* Supplied material

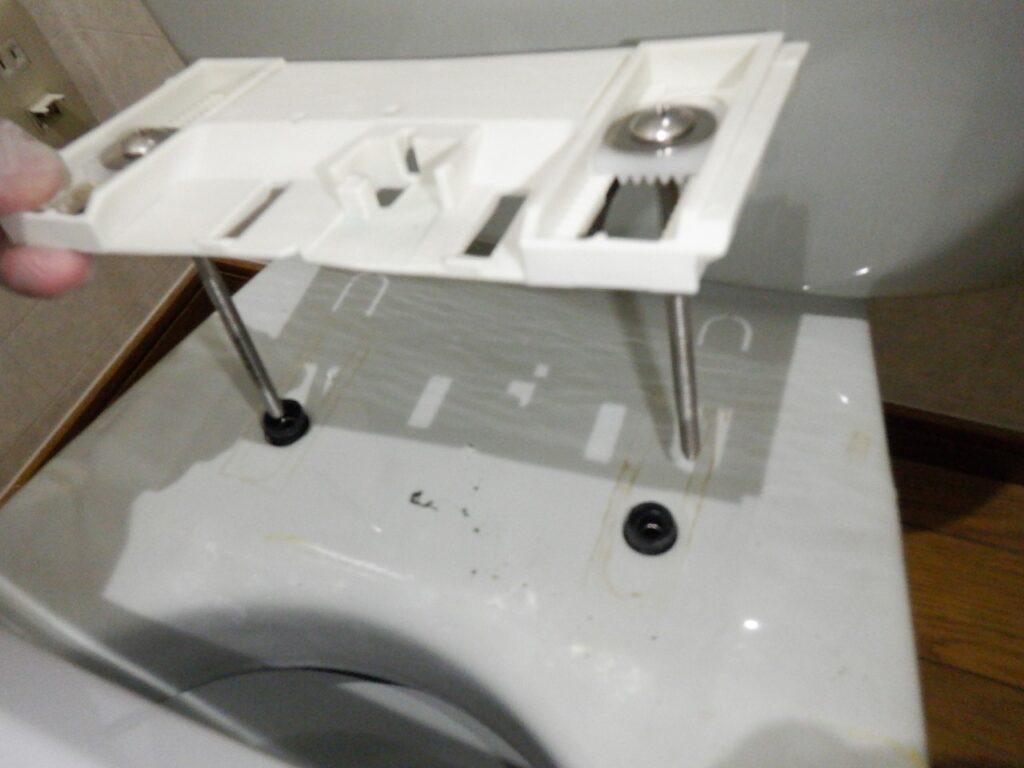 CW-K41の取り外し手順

==

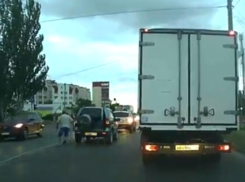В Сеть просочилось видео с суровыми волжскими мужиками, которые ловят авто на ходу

...

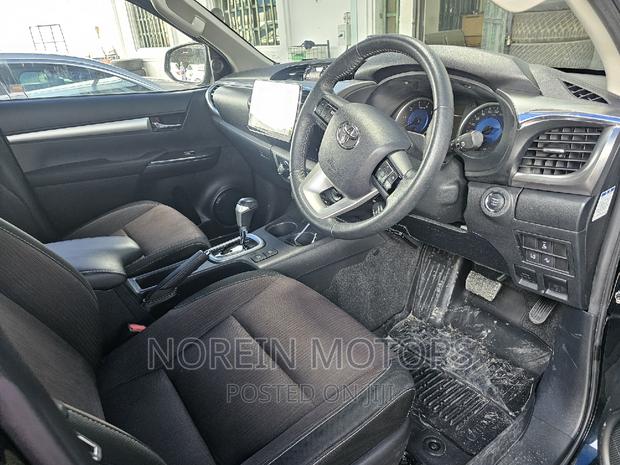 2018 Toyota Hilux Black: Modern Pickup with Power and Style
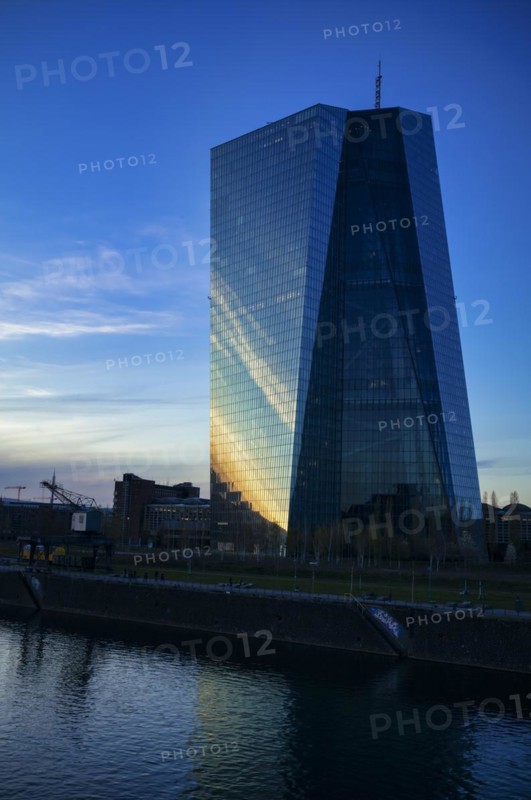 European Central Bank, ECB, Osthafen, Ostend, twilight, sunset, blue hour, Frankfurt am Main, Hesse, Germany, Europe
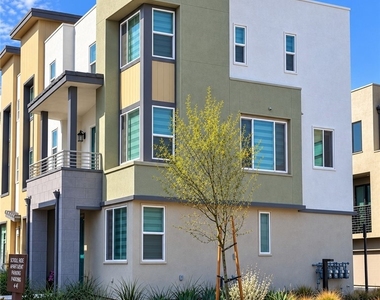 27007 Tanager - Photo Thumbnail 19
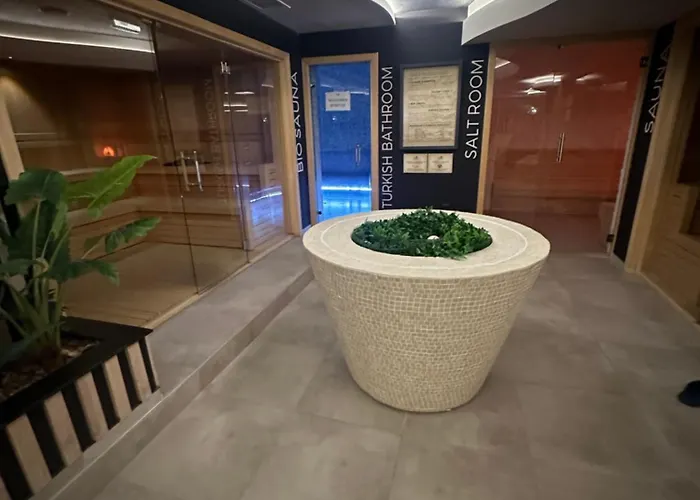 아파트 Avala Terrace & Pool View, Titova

* About this task
Transcribe, from the material above, the stretch starting at the line with "27007 Tanager - Photo Thumbnail 19" and ending at the line with "아파트 Avala Terrace & Pool View, Titova", both included, exactly. Do not carry over pictures.

* Expected answer
 27007 Tanager - Photo Thumbnail 19
 아파트 Avala Terrace & Pool View, Titova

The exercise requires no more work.